The Cooperative State Research, Education and Extension Service (CSREES) is the USDA agency that participates in the Interagency Metabolic Engineering Working Group. In the CSREES Strategic Plan, five goals are listed:

These goals reflect the goals of the overall USDA strategic plan (enhancing economic opportunities for agricultural producers, supporting increased economic opportunities and improved quality of life in rural America, enhancing protection and safety of the nation’s agriculture and food supply, improving the nation’s nutrition and health, and protecting and enhancing the nation’s natural resource base and environment).

Metabolic Engineering (ME) can enhance competitiveness of the US agricultural system through the production of commercially useful products such as chemicals, biofuels, and biomolecules from agricultural commodities. Through modification of plants, animals, and microorganisms, ME can also result in new uses for existing crops and animals, added value to traditional agricultural products, and improved quality of agriculturally derived foods and materials. It is also possible through ME to produce plants with enhanced nutritional value or to modify plants and microorganisms for remediation of polluted environments.

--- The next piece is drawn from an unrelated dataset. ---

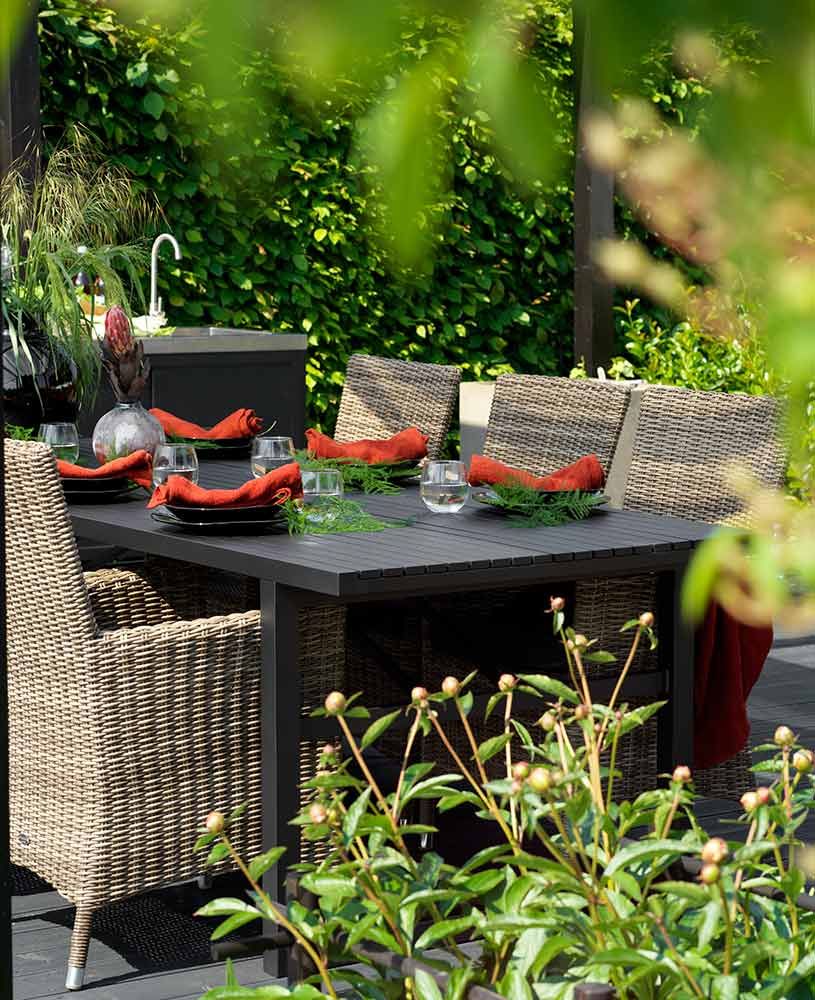 Vevi Esstisch 95x230 cm schwarz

The participation in MEWG has allowed CSREES to leverage funding for support of several research projects that address one or more of CSREES’ and USDA’s goals. Funding is supporting research on metabolic engineering of biofuels that may lead to maximized ethanol production as well as reduced costs. Another funded project involves production of flavor compounds in microbes that may eventually lead to improvements of metabolic function for processing of agricultural biomass and manufacture of bio-based industrial products. Funded metabolic engineering research projects in plants have the potential to produce fruits and vegetables with increased nutritional value and extended shelf-lives, to increase natural product-based disease and pest resistance, to enhance oil production in oilseeds, and to modify plants for production of pharmaceuticals and other economically important compounds. Thus, metabolic engineering, through both basic and applied research, is of vital importance for achieving the strategic goals of CSREES and USDA.

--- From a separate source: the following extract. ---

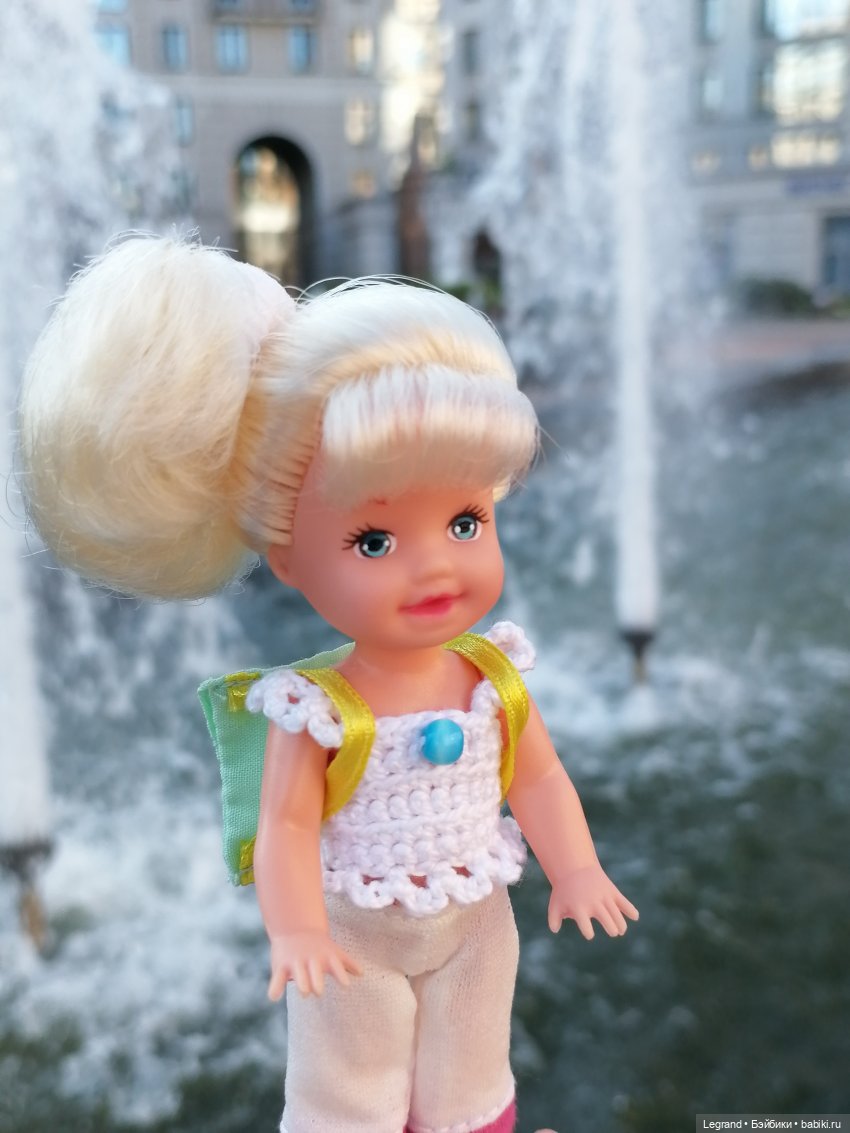 Лурения - Петербург: Камилла у фонтана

The MEWG supports the DOC mission by advancing research and development of new commercial and industrial processes.  As an emerging technology whose scientific basis is developing rapidly, ME is important to DOC’S NIST and especially its Biotechnology Division.  NIST is especially interested in ME projects that support the development of biological and metabolic models, measurement methods and standards.

The Department of Defense (DoD) currently supports a broad range of research in the area of metabolic engineering through the Army Research Office (ARO) and other Army research activities, the Air Force Office of Scientific Research (AFOSR), the Office of Naval Research (ONR), and the Defense Advanced Research Projects Agency (DARPA). The specific focus of the ARO, AFOSR, ONR, and DARPA efforts will be summarized and future directions in metabolic engineering research and technology development will be addressed.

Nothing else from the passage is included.